The doctors created the "neobladder" to replace Tom Ramsey's original bladder after it was destroyed by bladder cancer, in today's bite-sized hospital and health industry news from Florida, Minnesota, Texas, and Utah.
- Florida/Minnesota: Mayo Clinic and Leidos have announced they're collaborating to create an accelerator to help Mayo Clinic identify, create, and commercialize products and solutions. The accelerator, which will be located on Mayo's Life Sciences Incubator campus in Jacksonville, Florida, aims to assist patients and providers with "the most complex health care challenges," Kent Thielen CEO of Mayo Clinic in Florida said in a statement. The new accelerator also will help Leidos leverage its public health applications and systems integration solutions (Dietsche, MedCity News, 2/10).

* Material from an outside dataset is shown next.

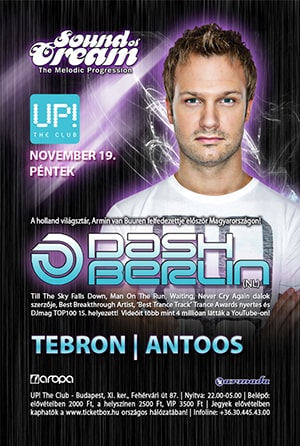 Dash Berlin @ UP! the Club, Budapest [Thumbnail]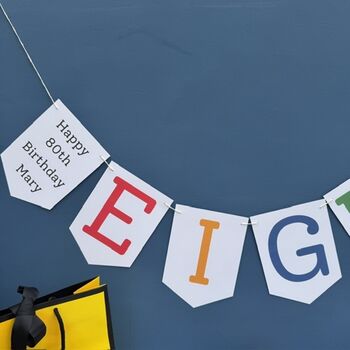 Personalised Eighty Birthday Banner : 80th Birthday Party Decoration, 2 of 7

- Texas: The Houston Health Department on Saturday announced that seven adult detainees at a U.S. Immigration and Customs Enforcement detention facility in Houston had been diagnosed with mumps, which is highly contagious. According to David Persse, medical director of the city's local health authority and emergency medical services, the outbreak is contained and does not pose an immediate threat to the community (Jackson, Reuters, 2/9).

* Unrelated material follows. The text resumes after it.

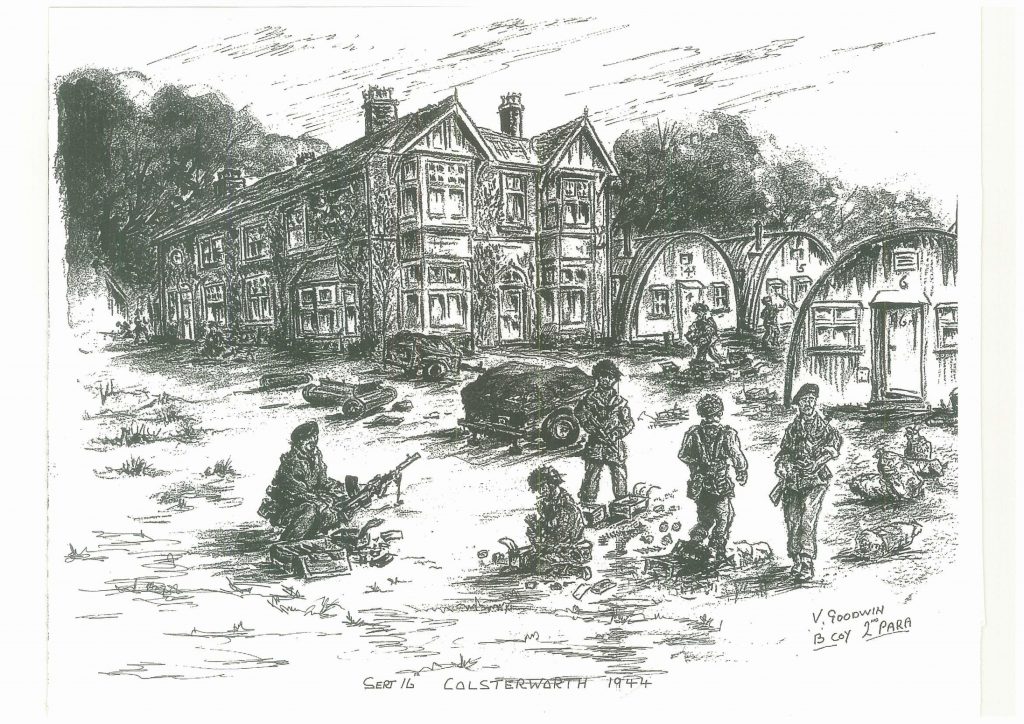 Drawing of Millfield by Vincent Goodwin, 1944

- Utah: Doctors used a man's intestine to create a "neobladder" after his original organ was destroyed by bladder cancer. To create the neobladder, doctors took a segment of bowel from the small intestine, "reconfigure[d] it into a reservoir, and hook[ed] it down to where the bladder used to be," according to Chris Dechet, co-director of the Multidisciplinary Urologic Oncology Group at the Huntsman Cancer Institute. Ramsey said he is "back to normal" and has resumed his regular activities (Simonsen, KSL, 2/10).